_Exercise_.
Among the entries below, take the line with "Detail of fabric" and the line with "Detail shot of", and output them and every line between them exactly, with nothing else.

(Short descriptive text snippets)
######

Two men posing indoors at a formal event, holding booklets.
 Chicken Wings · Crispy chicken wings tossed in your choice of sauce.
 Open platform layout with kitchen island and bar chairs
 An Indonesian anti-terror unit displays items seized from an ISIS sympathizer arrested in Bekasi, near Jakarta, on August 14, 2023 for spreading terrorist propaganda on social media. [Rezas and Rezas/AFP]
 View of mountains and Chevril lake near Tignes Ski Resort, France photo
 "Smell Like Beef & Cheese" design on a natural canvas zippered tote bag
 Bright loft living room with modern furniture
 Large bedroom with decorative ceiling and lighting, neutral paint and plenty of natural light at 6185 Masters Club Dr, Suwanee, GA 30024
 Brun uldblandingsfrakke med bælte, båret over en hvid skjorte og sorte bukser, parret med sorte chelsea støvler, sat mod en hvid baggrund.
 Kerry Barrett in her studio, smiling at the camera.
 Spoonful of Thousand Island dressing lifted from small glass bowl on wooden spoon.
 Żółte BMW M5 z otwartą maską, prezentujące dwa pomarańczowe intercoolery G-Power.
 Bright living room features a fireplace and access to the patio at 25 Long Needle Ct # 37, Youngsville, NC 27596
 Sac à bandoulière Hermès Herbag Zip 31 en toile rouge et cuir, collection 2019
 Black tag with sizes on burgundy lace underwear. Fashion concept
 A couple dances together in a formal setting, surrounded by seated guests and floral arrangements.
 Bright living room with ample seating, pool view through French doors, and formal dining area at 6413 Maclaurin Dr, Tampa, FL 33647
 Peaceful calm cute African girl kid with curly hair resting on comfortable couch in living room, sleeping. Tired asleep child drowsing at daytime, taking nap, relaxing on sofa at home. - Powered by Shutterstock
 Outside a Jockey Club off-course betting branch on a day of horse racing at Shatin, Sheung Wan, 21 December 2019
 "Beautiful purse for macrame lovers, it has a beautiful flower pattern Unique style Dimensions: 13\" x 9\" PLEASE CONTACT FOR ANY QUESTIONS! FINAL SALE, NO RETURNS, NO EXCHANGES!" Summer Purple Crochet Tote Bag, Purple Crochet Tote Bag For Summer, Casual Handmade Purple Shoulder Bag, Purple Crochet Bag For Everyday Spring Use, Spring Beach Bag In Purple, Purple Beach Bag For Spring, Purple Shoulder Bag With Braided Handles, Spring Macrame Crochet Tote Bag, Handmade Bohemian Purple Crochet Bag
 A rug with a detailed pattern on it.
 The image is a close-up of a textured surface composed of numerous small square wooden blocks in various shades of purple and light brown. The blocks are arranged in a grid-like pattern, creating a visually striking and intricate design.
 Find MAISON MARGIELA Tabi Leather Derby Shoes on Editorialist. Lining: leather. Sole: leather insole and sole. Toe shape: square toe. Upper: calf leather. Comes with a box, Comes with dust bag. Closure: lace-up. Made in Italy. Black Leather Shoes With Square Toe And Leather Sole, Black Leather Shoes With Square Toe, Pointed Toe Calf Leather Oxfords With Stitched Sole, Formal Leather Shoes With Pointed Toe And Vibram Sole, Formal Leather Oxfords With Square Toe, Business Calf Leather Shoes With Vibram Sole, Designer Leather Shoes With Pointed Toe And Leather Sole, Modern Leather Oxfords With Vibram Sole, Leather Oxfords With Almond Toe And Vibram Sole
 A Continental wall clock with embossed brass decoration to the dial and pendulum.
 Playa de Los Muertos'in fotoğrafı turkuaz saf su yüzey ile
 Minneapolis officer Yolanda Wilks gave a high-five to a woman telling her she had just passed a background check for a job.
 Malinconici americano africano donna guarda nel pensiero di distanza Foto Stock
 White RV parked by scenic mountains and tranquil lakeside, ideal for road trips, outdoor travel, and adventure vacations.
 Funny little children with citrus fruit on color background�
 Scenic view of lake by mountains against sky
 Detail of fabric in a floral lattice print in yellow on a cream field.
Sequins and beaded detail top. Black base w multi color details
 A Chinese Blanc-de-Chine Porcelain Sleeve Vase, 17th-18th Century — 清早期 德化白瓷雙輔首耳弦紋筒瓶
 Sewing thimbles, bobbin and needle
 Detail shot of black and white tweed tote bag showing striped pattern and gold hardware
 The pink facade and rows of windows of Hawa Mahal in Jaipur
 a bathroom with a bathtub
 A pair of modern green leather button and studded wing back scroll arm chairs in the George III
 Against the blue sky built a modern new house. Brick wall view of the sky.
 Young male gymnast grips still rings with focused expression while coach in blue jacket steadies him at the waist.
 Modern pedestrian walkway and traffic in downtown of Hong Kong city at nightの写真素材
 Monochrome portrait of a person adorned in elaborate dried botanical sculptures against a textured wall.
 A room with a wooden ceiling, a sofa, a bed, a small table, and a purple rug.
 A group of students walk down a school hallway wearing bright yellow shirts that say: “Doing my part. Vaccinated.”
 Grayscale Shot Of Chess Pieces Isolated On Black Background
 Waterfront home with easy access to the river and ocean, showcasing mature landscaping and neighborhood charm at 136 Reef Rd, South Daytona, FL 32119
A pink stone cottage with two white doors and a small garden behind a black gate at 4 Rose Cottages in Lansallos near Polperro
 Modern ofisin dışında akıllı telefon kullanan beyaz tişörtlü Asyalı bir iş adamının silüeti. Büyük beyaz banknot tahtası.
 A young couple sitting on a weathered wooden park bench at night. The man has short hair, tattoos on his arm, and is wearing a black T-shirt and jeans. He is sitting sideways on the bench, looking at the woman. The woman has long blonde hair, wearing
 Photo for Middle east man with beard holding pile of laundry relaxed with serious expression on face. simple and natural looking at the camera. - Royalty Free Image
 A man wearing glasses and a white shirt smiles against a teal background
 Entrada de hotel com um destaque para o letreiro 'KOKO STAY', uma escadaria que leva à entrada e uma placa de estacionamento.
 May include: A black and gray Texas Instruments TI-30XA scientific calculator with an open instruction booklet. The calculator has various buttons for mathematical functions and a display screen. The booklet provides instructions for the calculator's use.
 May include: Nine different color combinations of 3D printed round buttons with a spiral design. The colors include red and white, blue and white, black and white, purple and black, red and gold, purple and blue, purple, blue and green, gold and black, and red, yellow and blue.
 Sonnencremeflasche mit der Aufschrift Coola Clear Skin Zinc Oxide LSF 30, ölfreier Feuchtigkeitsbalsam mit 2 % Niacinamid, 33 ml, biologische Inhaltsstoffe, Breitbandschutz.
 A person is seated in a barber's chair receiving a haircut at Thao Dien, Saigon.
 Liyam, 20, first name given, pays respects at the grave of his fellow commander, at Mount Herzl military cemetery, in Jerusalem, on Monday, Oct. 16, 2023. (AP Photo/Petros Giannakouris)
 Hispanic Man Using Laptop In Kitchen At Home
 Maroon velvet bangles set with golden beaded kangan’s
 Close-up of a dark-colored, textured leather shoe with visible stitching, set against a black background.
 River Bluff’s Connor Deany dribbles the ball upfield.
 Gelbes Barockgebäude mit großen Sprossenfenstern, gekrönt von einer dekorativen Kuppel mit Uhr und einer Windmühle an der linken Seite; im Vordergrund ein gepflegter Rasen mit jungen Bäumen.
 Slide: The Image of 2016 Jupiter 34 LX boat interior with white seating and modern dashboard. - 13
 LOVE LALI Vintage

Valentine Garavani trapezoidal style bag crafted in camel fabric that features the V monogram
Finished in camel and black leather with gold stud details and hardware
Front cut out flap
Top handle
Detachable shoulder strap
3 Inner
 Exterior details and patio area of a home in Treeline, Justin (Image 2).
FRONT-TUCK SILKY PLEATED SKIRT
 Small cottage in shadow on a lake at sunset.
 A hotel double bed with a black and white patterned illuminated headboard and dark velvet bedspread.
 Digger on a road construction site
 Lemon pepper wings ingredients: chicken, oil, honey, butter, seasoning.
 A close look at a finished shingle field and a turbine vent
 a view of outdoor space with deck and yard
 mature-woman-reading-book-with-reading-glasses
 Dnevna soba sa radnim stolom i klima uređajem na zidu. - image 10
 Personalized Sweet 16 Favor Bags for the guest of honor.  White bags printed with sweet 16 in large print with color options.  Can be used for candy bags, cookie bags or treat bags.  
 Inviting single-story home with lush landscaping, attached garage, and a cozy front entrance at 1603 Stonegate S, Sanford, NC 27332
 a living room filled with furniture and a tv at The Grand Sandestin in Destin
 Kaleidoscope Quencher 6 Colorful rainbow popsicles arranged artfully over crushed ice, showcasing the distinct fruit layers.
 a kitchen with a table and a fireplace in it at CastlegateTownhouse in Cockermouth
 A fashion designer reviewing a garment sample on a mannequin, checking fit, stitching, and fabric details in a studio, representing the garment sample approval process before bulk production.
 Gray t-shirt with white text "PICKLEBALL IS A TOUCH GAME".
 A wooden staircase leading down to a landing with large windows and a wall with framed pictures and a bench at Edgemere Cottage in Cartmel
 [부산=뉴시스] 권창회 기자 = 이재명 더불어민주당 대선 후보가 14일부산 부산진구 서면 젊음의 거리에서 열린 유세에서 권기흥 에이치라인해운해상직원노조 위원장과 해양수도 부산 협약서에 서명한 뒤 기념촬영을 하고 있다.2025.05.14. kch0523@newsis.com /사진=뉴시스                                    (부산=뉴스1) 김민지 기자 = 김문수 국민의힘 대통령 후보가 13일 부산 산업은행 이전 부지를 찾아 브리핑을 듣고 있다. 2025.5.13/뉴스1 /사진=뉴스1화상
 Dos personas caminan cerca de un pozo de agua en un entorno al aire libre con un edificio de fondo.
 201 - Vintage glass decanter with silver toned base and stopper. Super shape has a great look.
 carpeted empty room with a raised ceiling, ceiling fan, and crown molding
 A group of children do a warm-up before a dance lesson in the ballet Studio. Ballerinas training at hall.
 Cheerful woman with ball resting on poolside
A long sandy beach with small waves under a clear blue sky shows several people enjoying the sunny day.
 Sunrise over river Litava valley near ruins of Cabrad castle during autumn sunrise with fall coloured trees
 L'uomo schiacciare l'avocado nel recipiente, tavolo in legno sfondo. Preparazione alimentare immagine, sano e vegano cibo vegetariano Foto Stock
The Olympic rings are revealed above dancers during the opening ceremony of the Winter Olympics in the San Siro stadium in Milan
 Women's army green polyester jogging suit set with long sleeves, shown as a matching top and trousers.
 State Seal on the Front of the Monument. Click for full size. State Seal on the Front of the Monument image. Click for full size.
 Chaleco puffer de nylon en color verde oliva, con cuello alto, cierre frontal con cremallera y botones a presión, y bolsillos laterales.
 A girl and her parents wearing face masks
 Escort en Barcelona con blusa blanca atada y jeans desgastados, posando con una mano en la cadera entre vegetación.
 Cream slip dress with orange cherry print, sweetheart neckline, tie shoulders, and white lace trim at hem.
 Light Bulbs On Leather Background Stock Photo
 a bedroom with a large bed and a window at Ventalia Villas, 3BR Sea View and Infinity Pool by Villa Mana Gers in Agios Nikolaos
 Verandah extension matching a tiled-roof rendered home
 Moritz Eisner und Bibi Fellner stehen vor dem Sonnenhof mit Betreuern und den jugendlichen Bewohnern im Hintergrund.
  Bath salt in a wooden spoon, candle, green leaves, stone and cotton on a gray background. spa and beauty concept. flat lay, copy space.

######

_Reply to the task_.
 Detail of fabric in a floral lattice print in yellow on a cream field.
Sequins and beaded detail top. Black base w multi color details
 A Chinese Blanc-de-Chine Porcelain Sleeve Vase, 17th-18th Century — 清早期 德化白瓷雙輔首耳弦紋筒瓶
 Sewing thimbles, bobbin and needle
 Detail shot of black and white tweed tote bag showing striped pattern and gold hardware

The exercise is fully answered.